:: Data shown ::

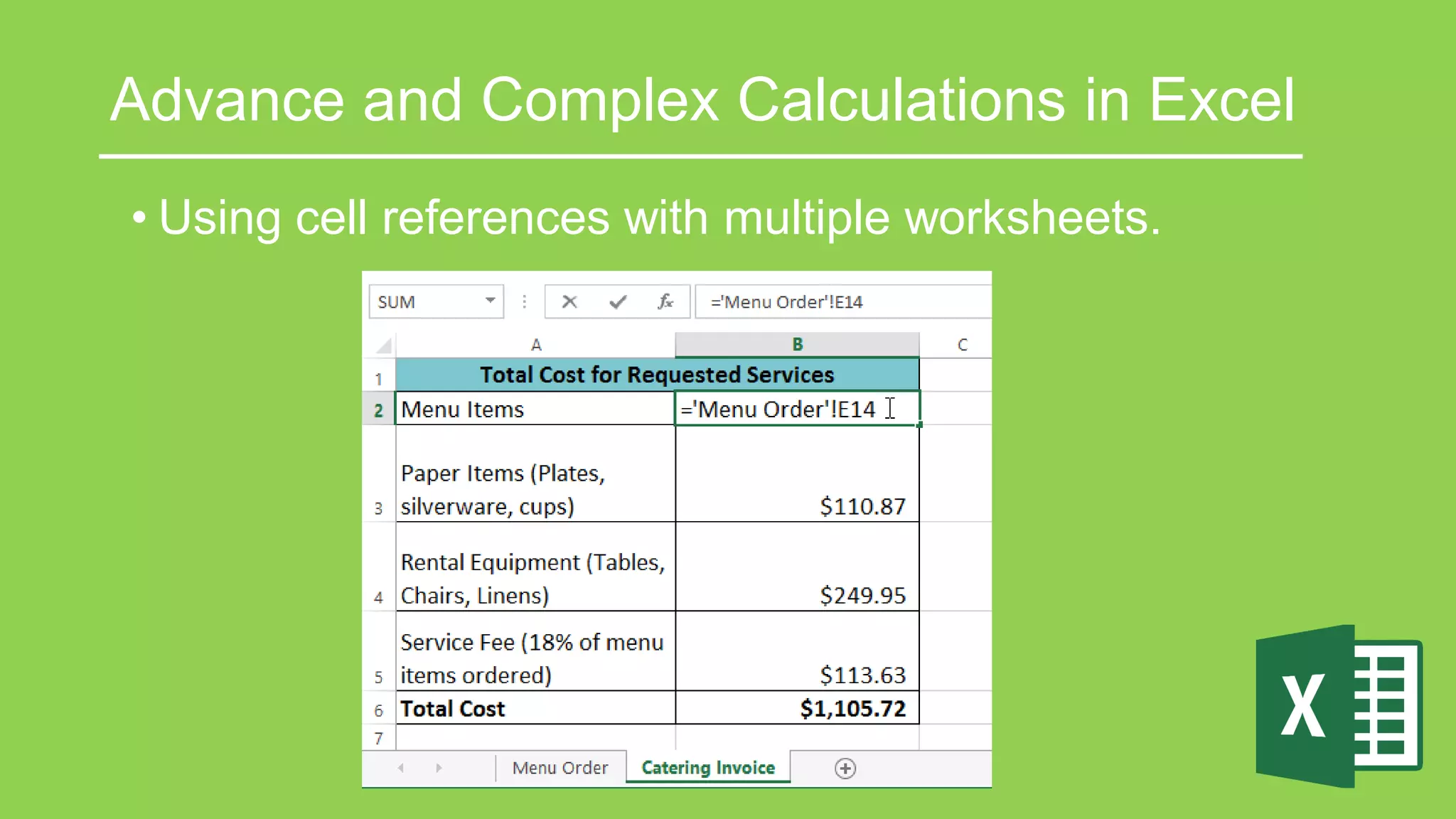 Advance and Complex Calculations in Excel
• Using cell references with multiple worksheets.
 
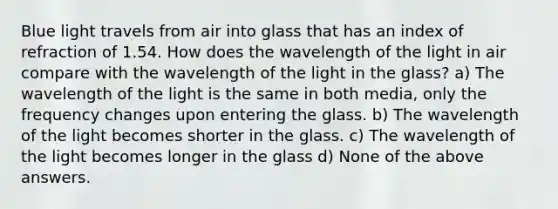 Blue light travels from air into glass that has an index of refraction of 1.54. How does the wavelength of the light in air compare with the wavelength of the light in the glass? a) The wavelength of the light is the same in both media, only the frequency changes upon entering the glass. b) The wavelength of the light becomes shorter in the glass. c) The wavelength of the light becomes longer in the glass d) None of the above answers.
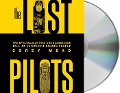 The Lost Pilots: The Spectacular Rise and Scandalous Fall of Aviation's Golden Couple - Corey Mead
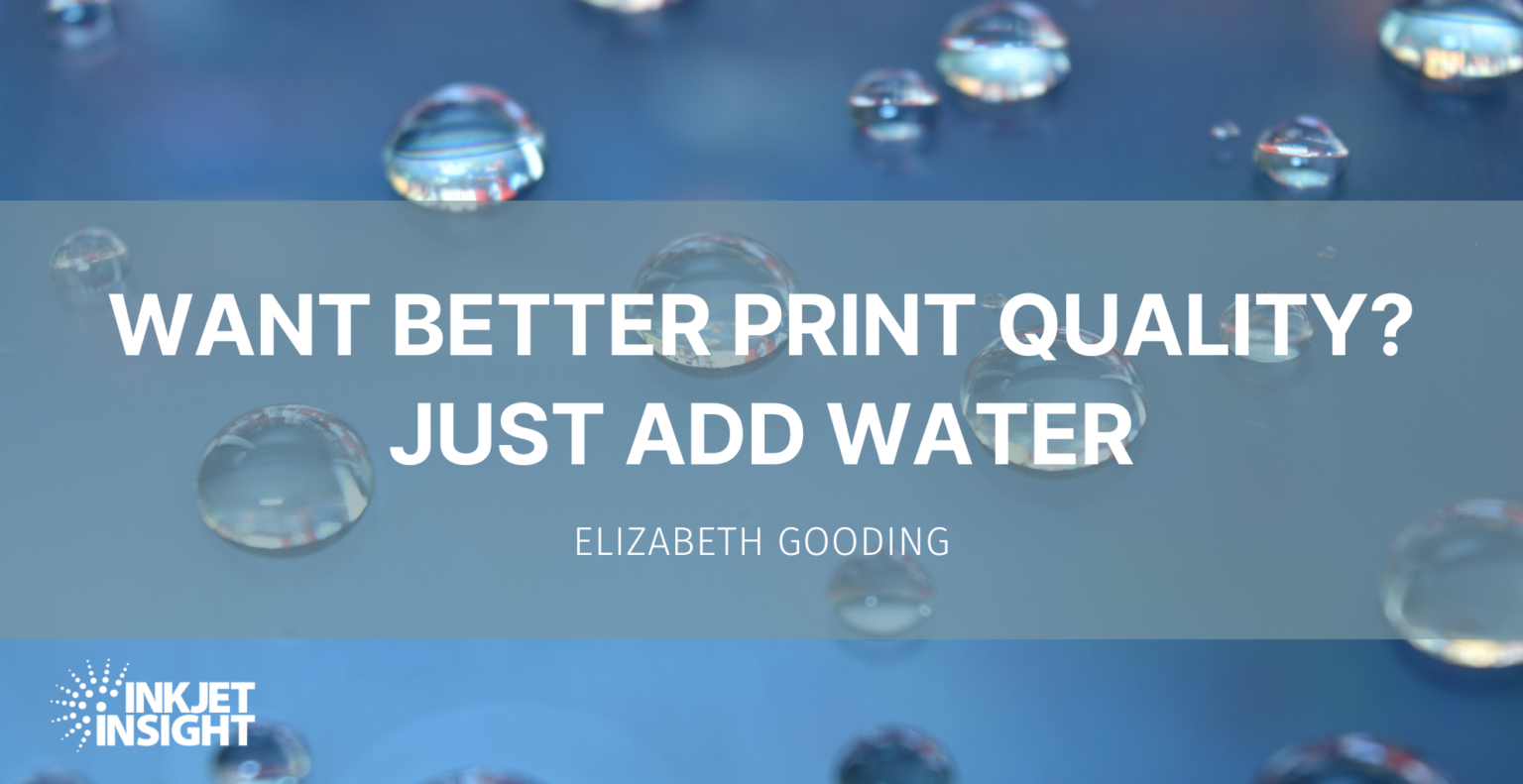 Want Better Print Quality? Just Add Water - Inkjet Insight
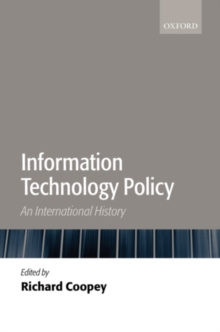 Information Technology Policy : An International History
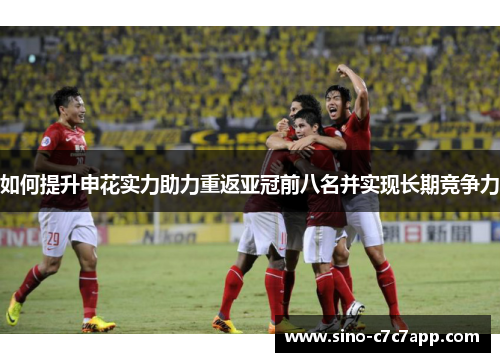 如何提升申花实力助力重返亚冠前八名并实现长期竞争力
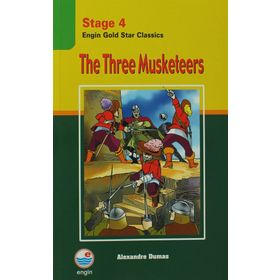 Stage 4 The Three Musketeers - Alexandre Dumas Pere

:::

**Assignment**
Everything from the line containing "Want Better Print" to the last line of the records above should be reproduced exactly, except the pictures.

**Response box**
 Want Better Print Quality? Just Add Water - Inkjet Insight
 Information Technology Policy : An International History
 如何提升申花实力助力重返亚冠前八名并实现长期竞争力
 Stage 4 The Three Musketeers - Alexandre Dumas Pere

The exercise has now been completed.